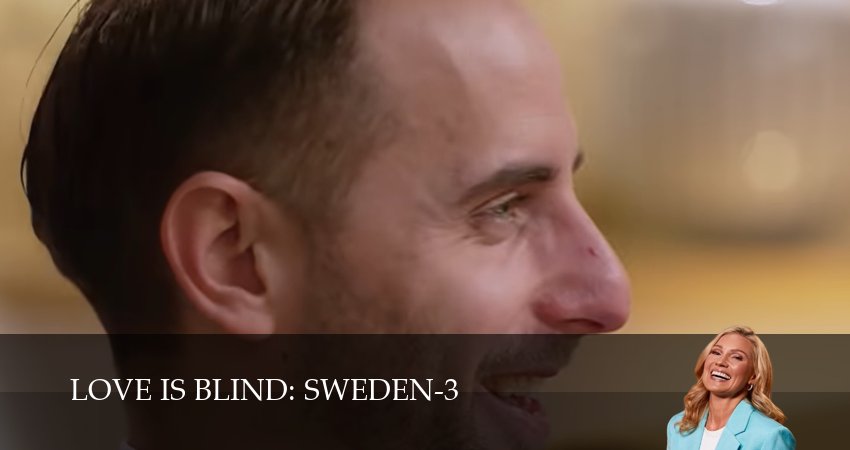 Слепая любовь: Швеция (2026) 3 сезон 3 серия смотреть онлайн в хорошем качестве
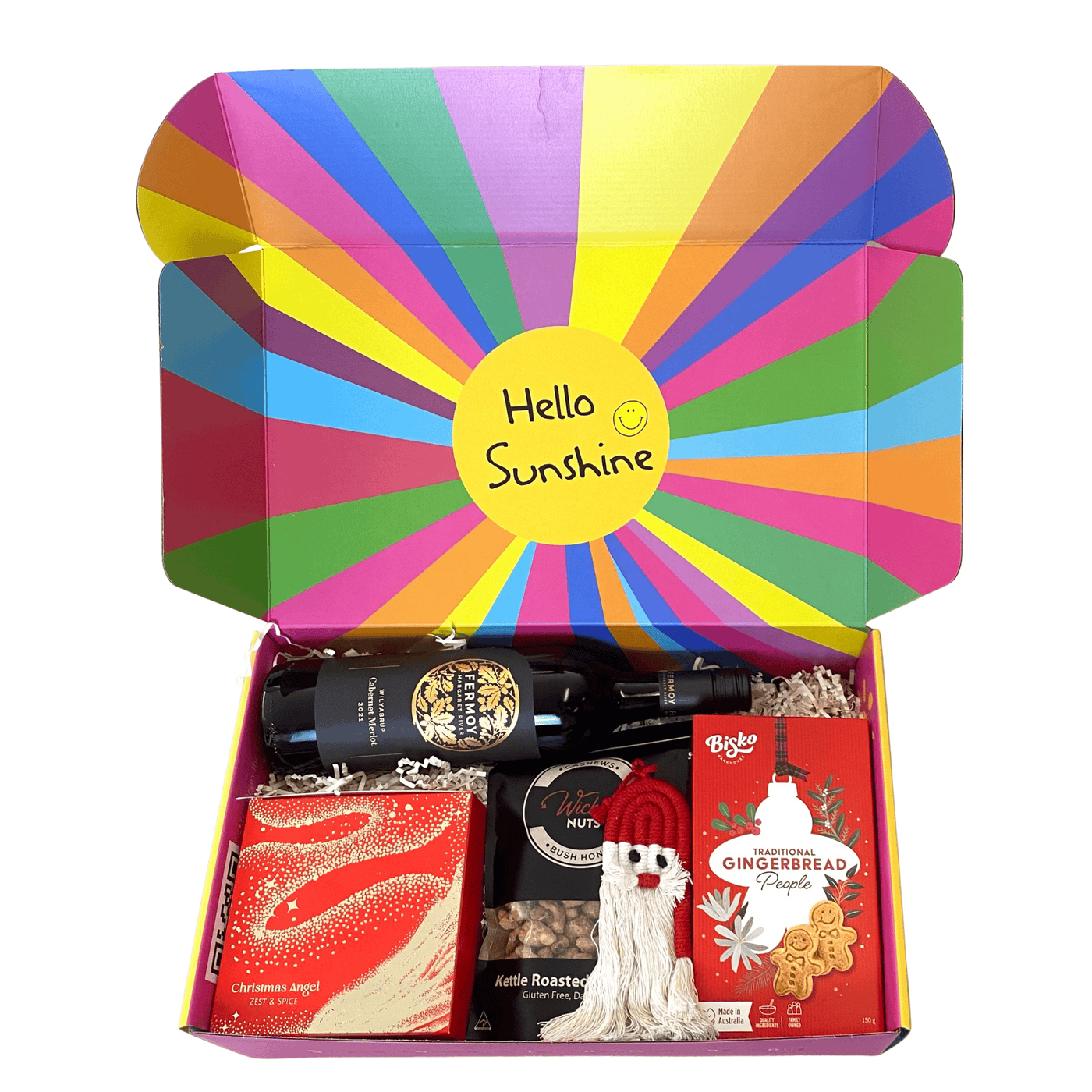 Festive Indulgence Christmas Hamper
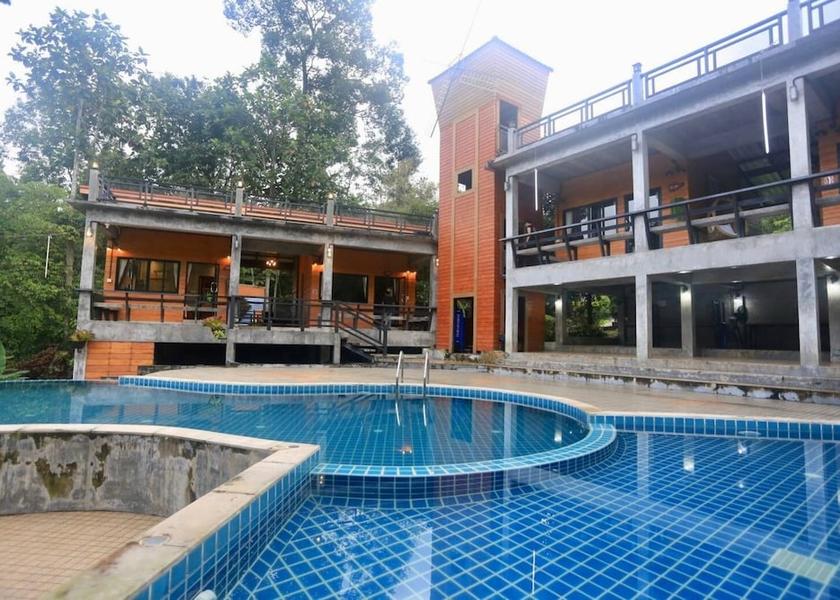 Nakhon Si Thammarat Province Phrom Khiri Pool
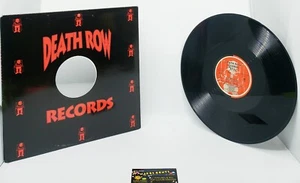 DEATH ROW RECORDS: 2-PAC 2 OF AMERICAZ MOST WANTED LP SINGLE LP 12" NICE - Picture 1 of 2
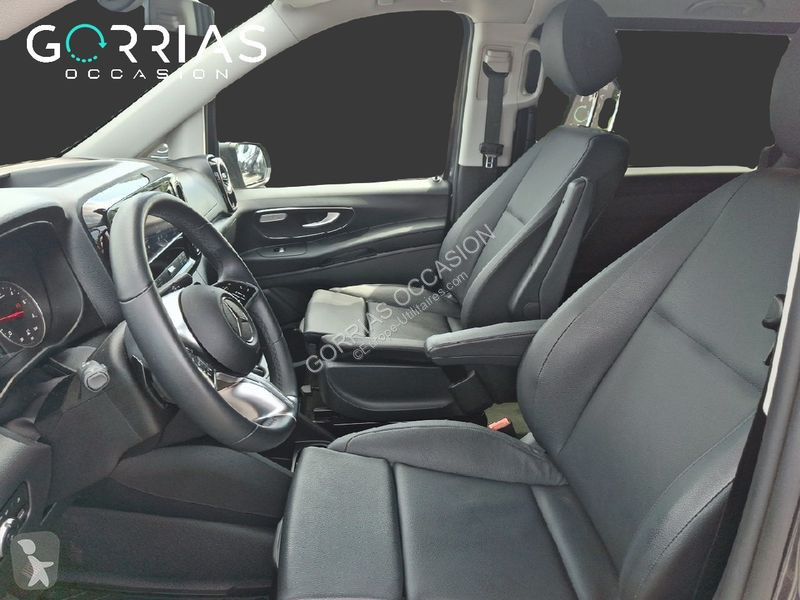 Mercedes VITO FG MIXTO 119 CDI LONG 4X4 van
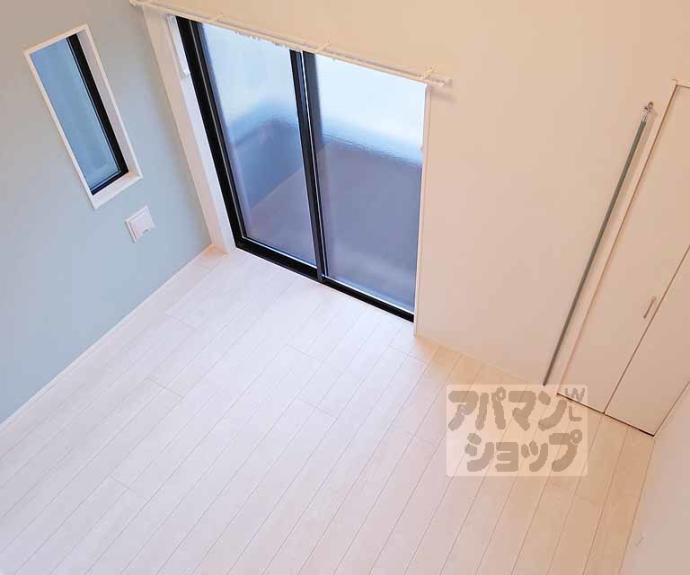 【ハーモニーテラス京都石田】間取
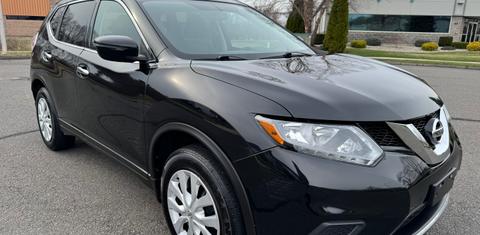 Nissan Rogue 2016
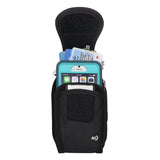 CCC2W-1-R3 Clip Case Cargo(tm) Universal Rugged Holster-Double Wide - B
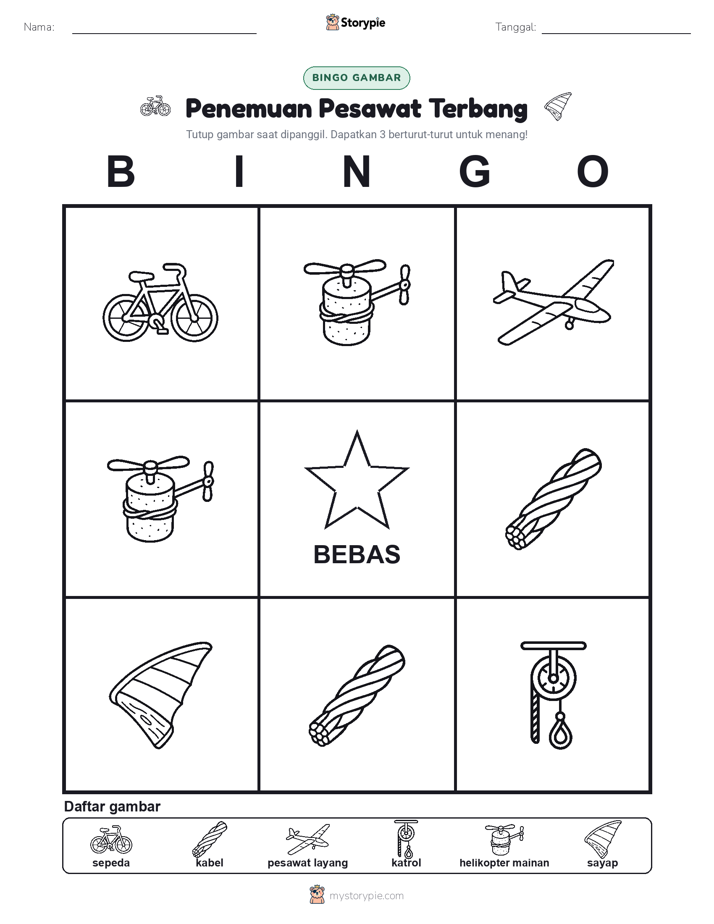 Bingo Gambar
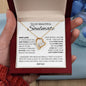 TO MY BEAUTIFUL SOULMATE | PERSONALIZED | LOVE YOU ALWAYS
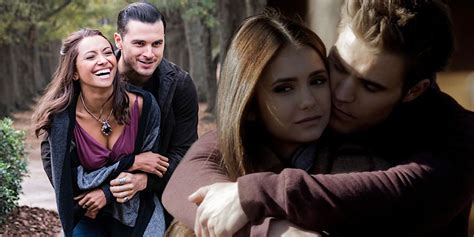 The Vampire Diaries Every Relationship Ranked By How Long It Lasted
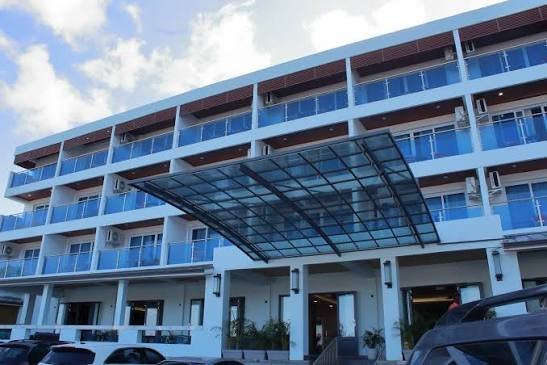 Private Airport Transfer: MBJ ↔ Hotel 39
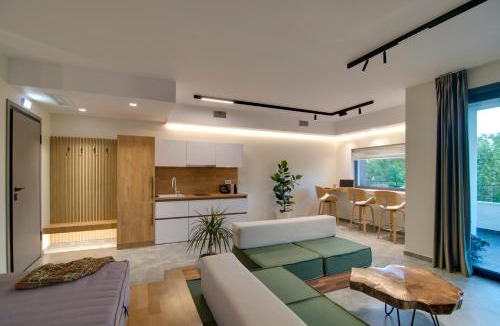 Ioannina Apartment | Selin Luxury Residences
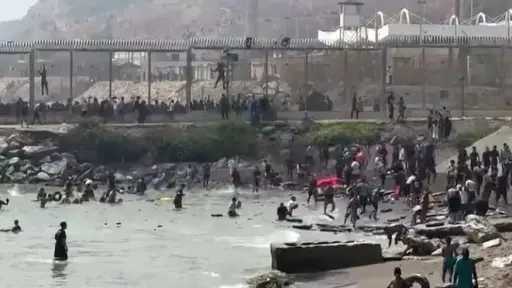 إسبانيا تعلن ارتفاع عدد القتلى جراء أزمة سبتة... إسبانيا تعلن ارتفاع عدد القتلى جراء أزمة سبتة إلى 100 شخص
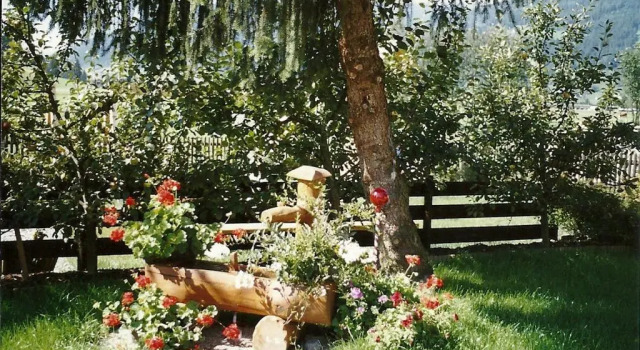 Номер Standard Pension Wieser "Baschtlmai"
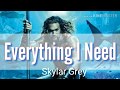 Everything I Need~Skylar Grey (Original Lyric Video) Everything I Need~Skylar Grey (Original Lyric Video)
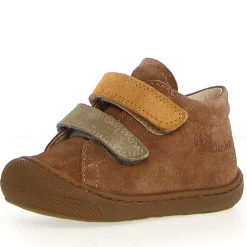 Naturino Corkel Vl Boy's and Girl's Casual Shoes - Brown/Stone/Zucca Discount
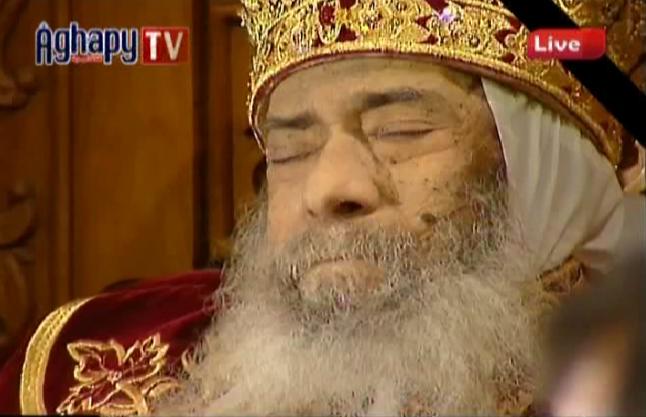 Memorial Service for Pope Shenouda by the Coptic Churches of Canada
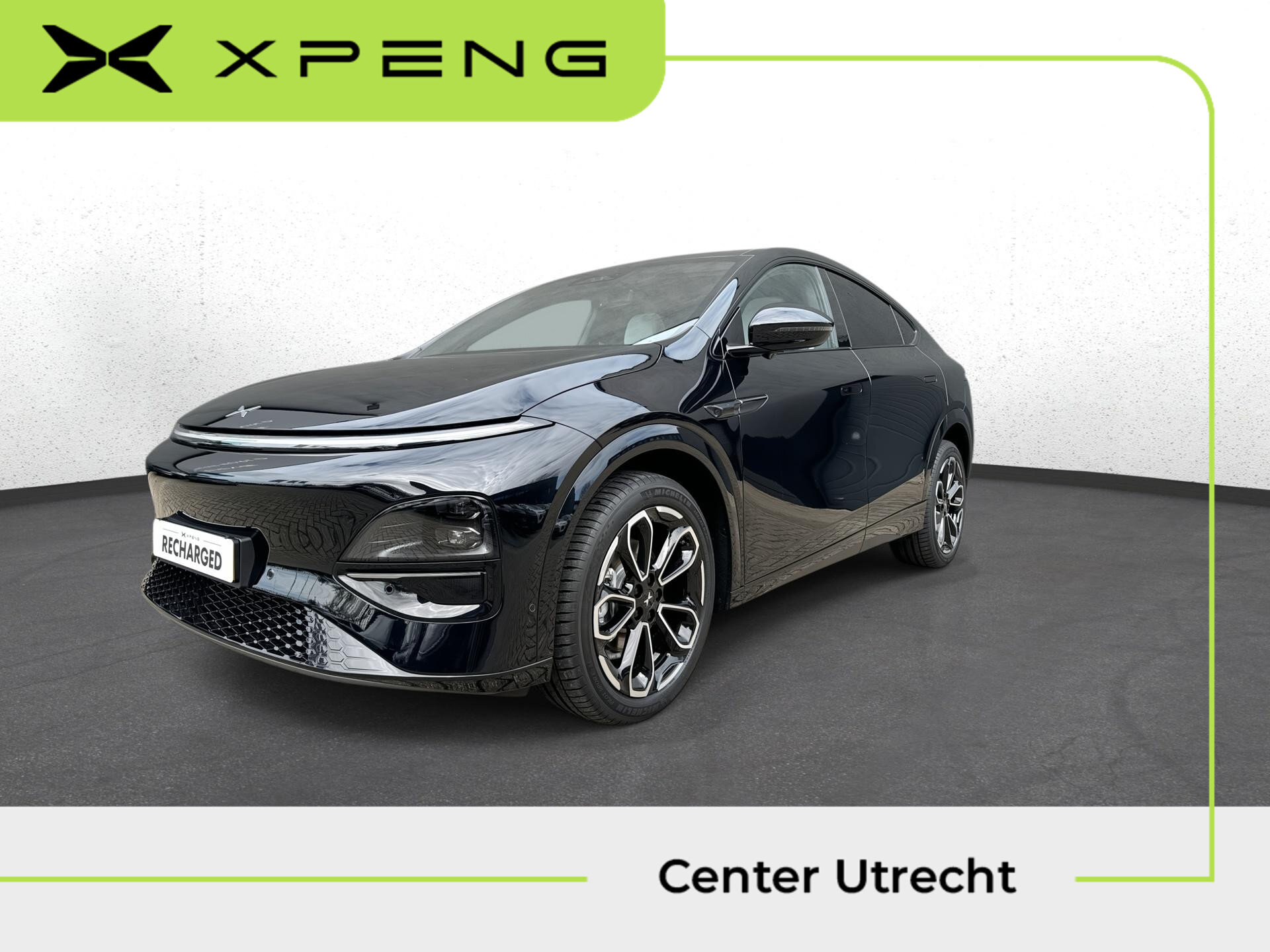 XPENG G6 RWD Long Range 80.8 kWh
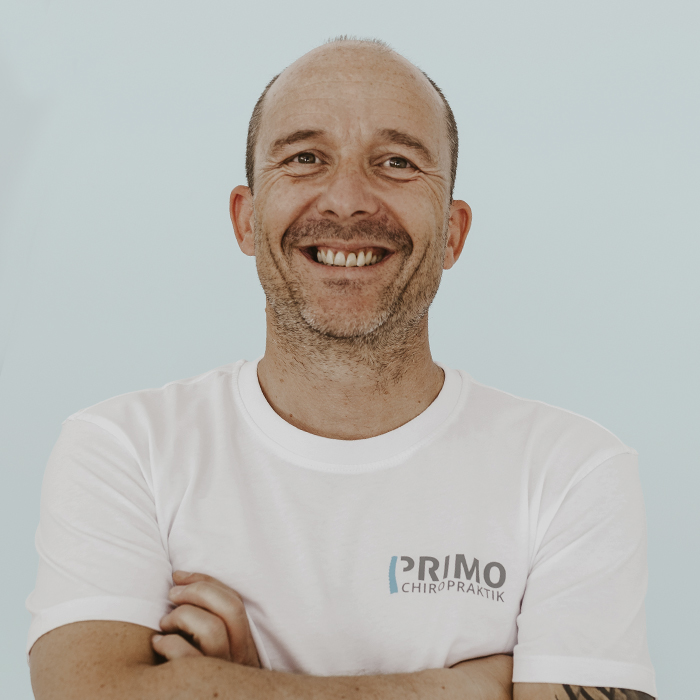 PRIMO Chiropraktik Team Andreas Pridalko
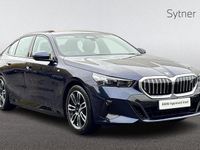 Used BMW i5 M Sport 246 kW (335 HP) 2025 Blue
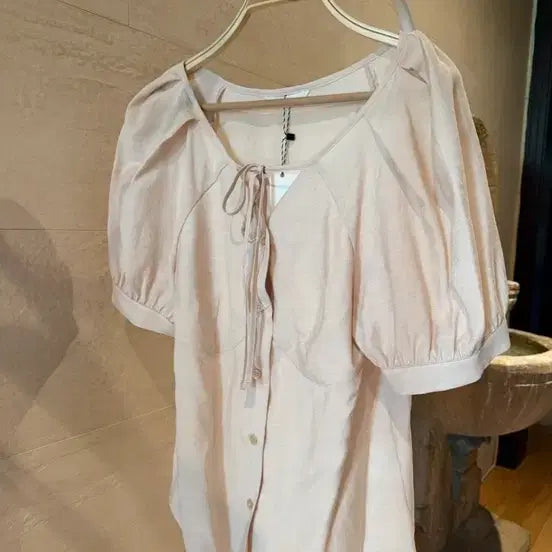 [SOLD OUT] 지에마르 여름 블라우스 새상품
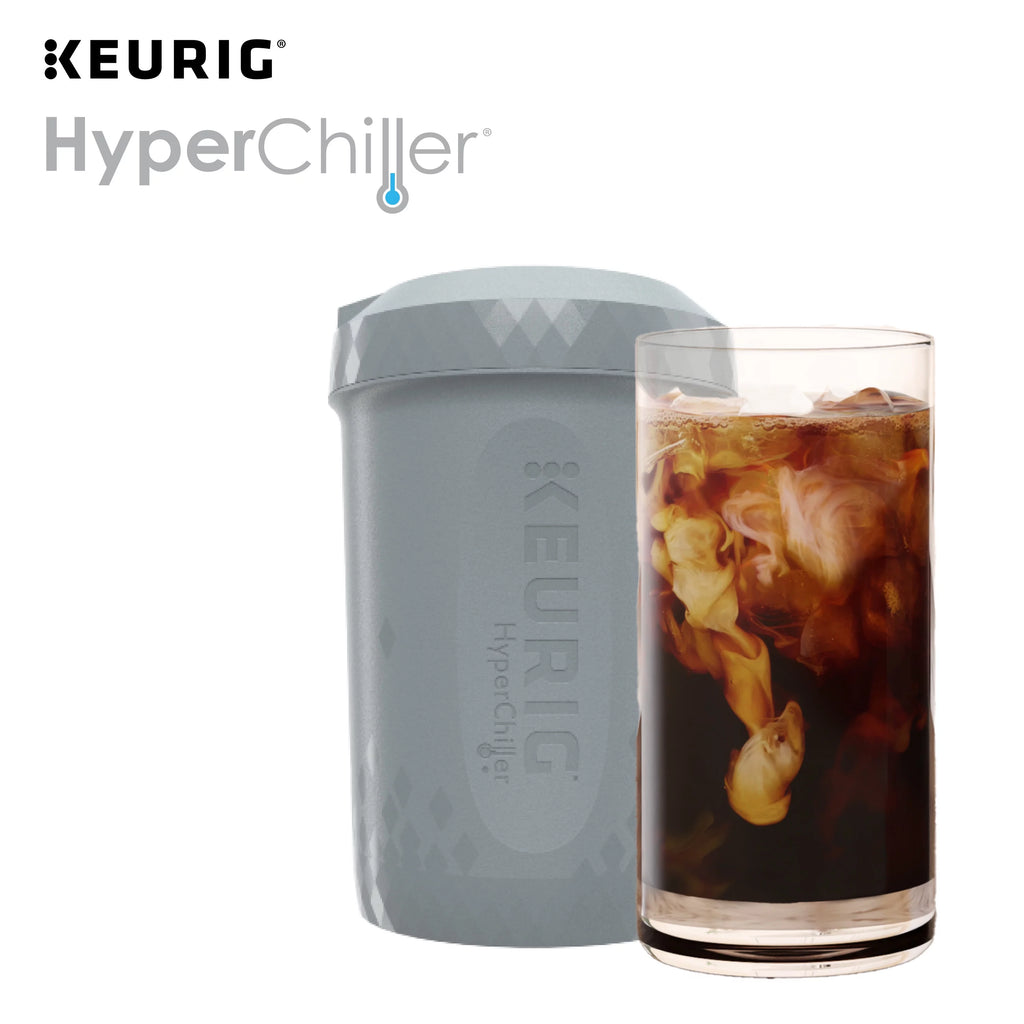 HyperChiller Iced Coffee Maker, Studio Gray S6913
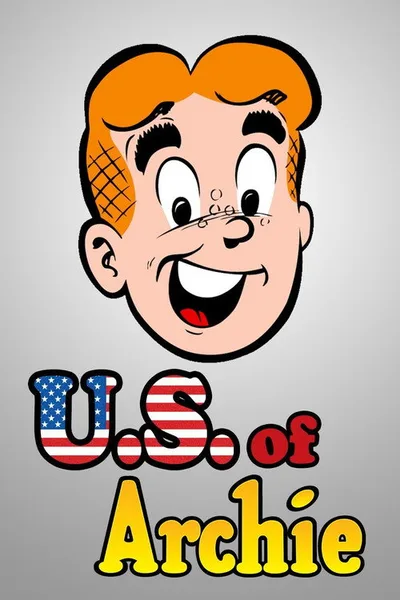 U.S. Of Archie poster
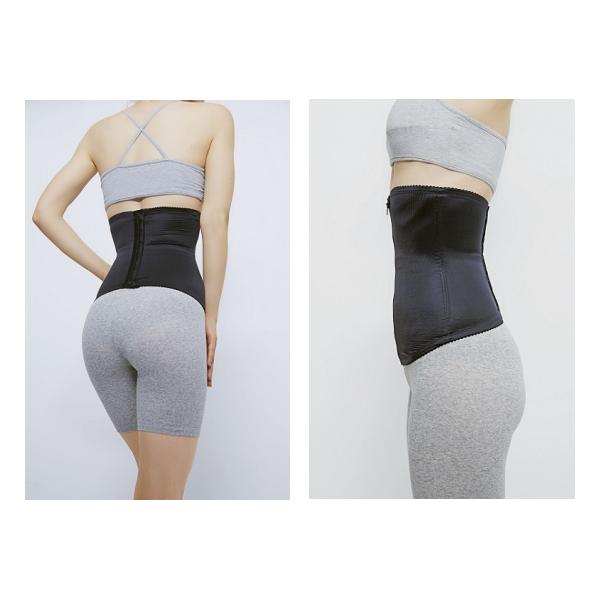 ガードル　インナー　レース　チタン　ゲルマニウム　ブラック　90　抗菌・消臭 ガードル インナー レース チタン ゲルマニウム ブラック 90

________________________

Exercise prompt:
Above are the records; give them all again exactly, apart from the pictures.

Task output:
 Слепая любовь: Швеция (2026) 3 сезон 3 серия смотреть онлайн в хорошем качестве
 Festive Indulgence Christmas Hamper
 Nakhon Si Thammarat Province Phrom Khiri Pool
 DEATH ROW RECORDS: 2-PAC 2 OF AMERICAZ MOST WANTED LP SINGLE LP 12" NICE - Picture 1 of 2
 Mercedes VITO FG MIXTO 119 CDI LONG 4X4 van
 【ハーモニーテラス京都石田】間取
 Nissan Rogue 2016
 CCC2W-1-R3 Clip Case Cargo(tm) Universal Rugged Holster-Double Wide - B
 Bingo Gambar
 TO MY BEAUTIFUL SOULMATE | PERSONALIZED | LOVE YOU ALWAYS
 The Vampire Diaries Every Relationship Ranked By How Long It Lasted
 Private Airport Transfer: MBJ ↔ Hotel 39
 Ioannina Apartment | Selin Luxury Residences
 إسبانيا تعلن ارتفاع عدد القتلى جراء أزمة سبتة... إسبانيا تعلن ارتفاع عدد القتلى جراء أزمة سبتة إلى 100 شخص
 Номер Standard Pension Wieser "Baschtlmai"
 Everything I Need~Skylar Grey (Original Lyric Video) Everything I Need~Skylar Grey (Original Lyric Video)
 Naturino Corkel Vl Boy's and Girl's Casual Shoes - Brown/Stone/Zucca Discount
 Memorial Service for Pope Shenouda by the Coptic Churches of Canada
 XPENG G6 RWD Long Range 80.8 kWh
 PRIMO Chiropraktik Team Andreas Pridalko
 Used BMW i5 M Sport 246 kW (335 HP) 2025 Blue
 [SOLD OUT] 지에마르 여름 블라우스 새상품
 HyperChiller Iced Coffee Maker, Studio Gray S6913
 U.S. Of Archie poster
 ガードル　インナー　レース　チタン　ゲルマニウム　ブラック　90　抗菌・消臭 ガードル インナー レース チタン ゲルマニウム ブラック 90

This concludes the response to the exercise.